Man kann von Ökonomen und Ökonominnen halten, was man will. Und ich muss zugeben: Das Festhalten am Modelldenken wirkt manchmal realitätsfremd, und gewisse Ideen sind überholt.
Dass jedoch selbst ihre Erkenntnisse zum Freihandel auf einmal ignoriert oder ausgeblendet werden, ist für die Ökonomenzunft eine Schmach sondergleichen.
Denn kaum eine Theorie ist breiter abgestützt und mit Daten untermauert als jene des Freihandels, wonach alle Volkswirtschaften gewinnen, wenn sie sich auf das konzentrieren, was sie am besten können, und miteinander Handel betreiben. Das zeigten schon die Urväter der Ökonomie, Adam Smith und David Ricardo, am Beispiel von portugiesischem Wein und britischen Textilien. Schutzzölle aber zerstören diese Früchte der globalen Arbeitsteilung.
In der Welt der Ökonomen und der ökonomisch Vernünftigen ist Zoll das hässlichste Wort.

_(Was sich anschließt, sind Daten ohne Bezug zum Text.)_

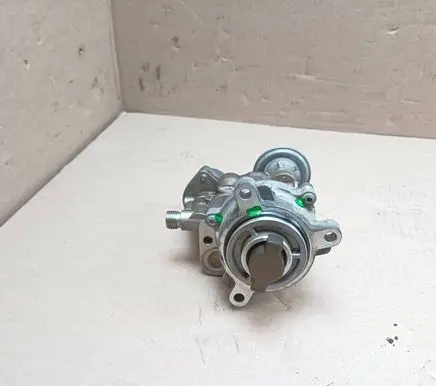 BMW 5 F10 F11 Fuel injection high pressure pump 7613933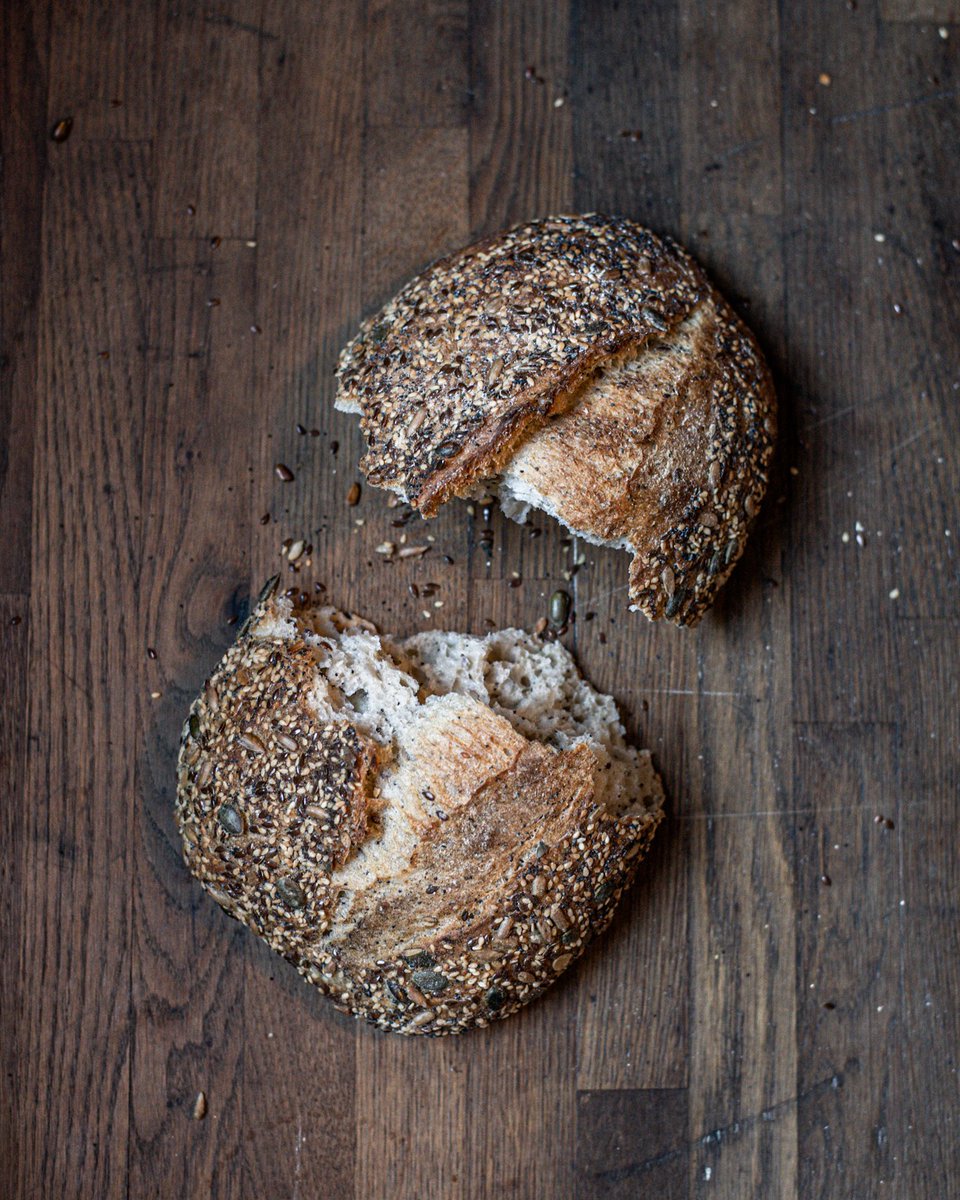 Hattonsrtw's tweet photo. Someone say fresh bread? Available Tuesday to Saturday at @Hattonsrtw  in the @ThePantiles #TunbridgeWells #kent #freshbread #shoplocal https://t.co/F9rEzd7Mgf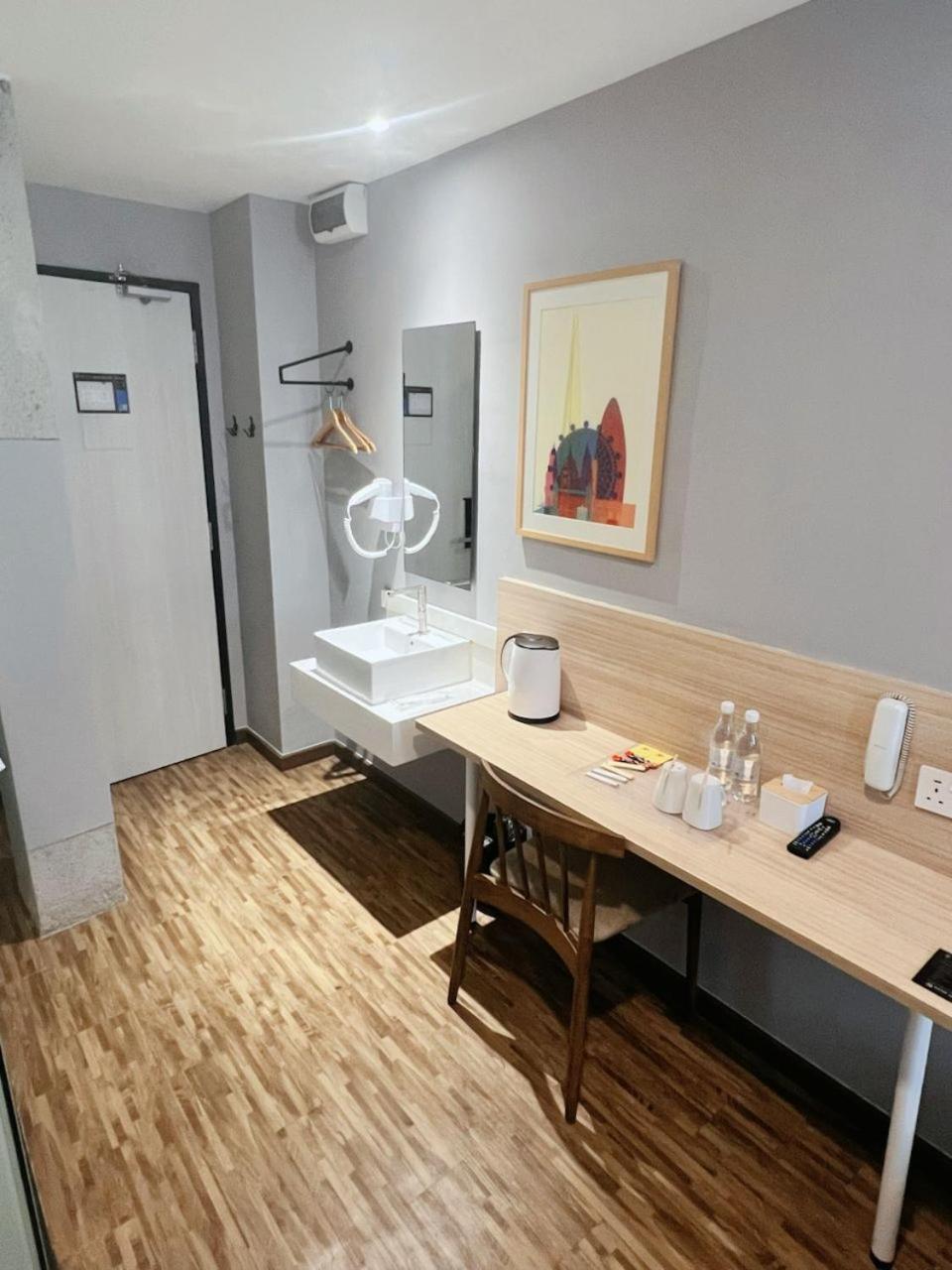Hako Hotel Skudai Exteriör bild
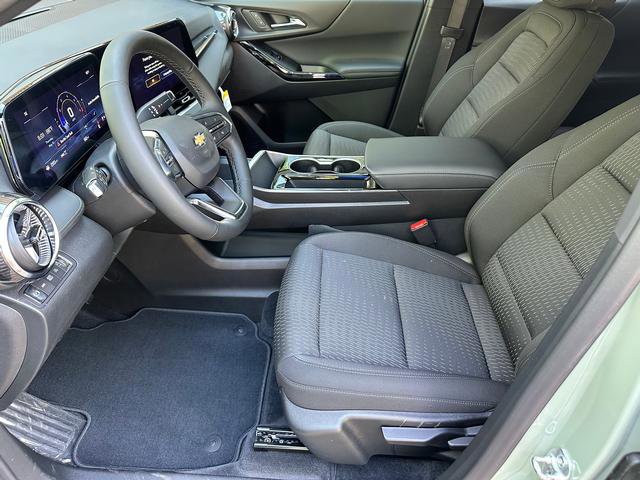 New 2025 Chevrolet Equinox LT image 14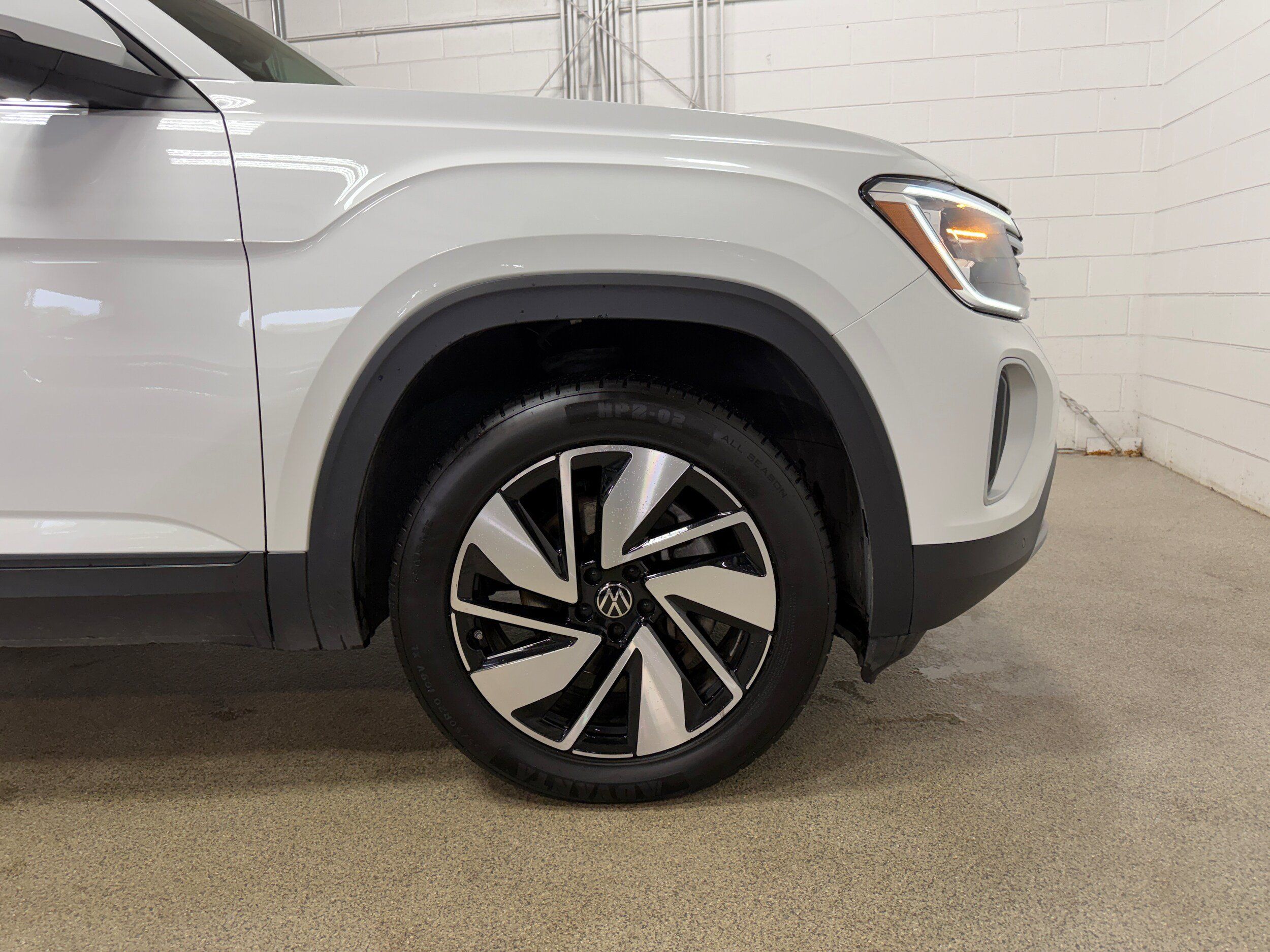 Used 2025 Volkswagen Atlas SE AWD/4WD image 33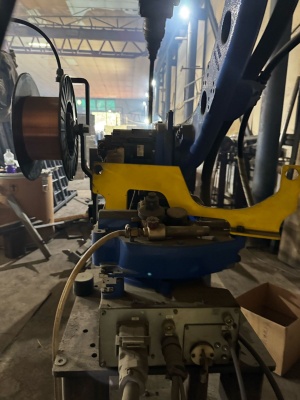 Сварочный робот Yaskawa AR 1440 с вращателем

Trumps Rückkehr ins Weisse Haus zeigt, dass Zölle längst wieder salon- und mehrheitsfähig sind. Dass selbst die Amerikanerinnen und Amerikaner, denen freie Marktwirtschaft und Wettbewerb so heilig sind, die Kosten und Nachteile dieser Handelshemmnisse nicht sehen oder sehen wollen, ist besonders verstörend. Trump findet Zoll das schönste Wort der Welt. Doch in der Welt der Ökonomen und der ökonomisch Vernünftigen ist es das hässlichste.
Natürlich hinterlässt der Freihandel auch Verlierer. Etwa die portugiesischen Textilarbeiter in Ricardos Beispiel – oder im aktuellen Fall die amerikanischen Industriebetriebe, die gegen die preisgünstige chinesische Konkurrenz kämpfen müssen. Aus der Optik der Waschmaschinenfabrik in Ohio mag ein Schutzzoll hilfreich sein, doch letztlich zahlen die Konsumentinnen und Konsumenten und damit alle die Rechnung in Form höherer Preise.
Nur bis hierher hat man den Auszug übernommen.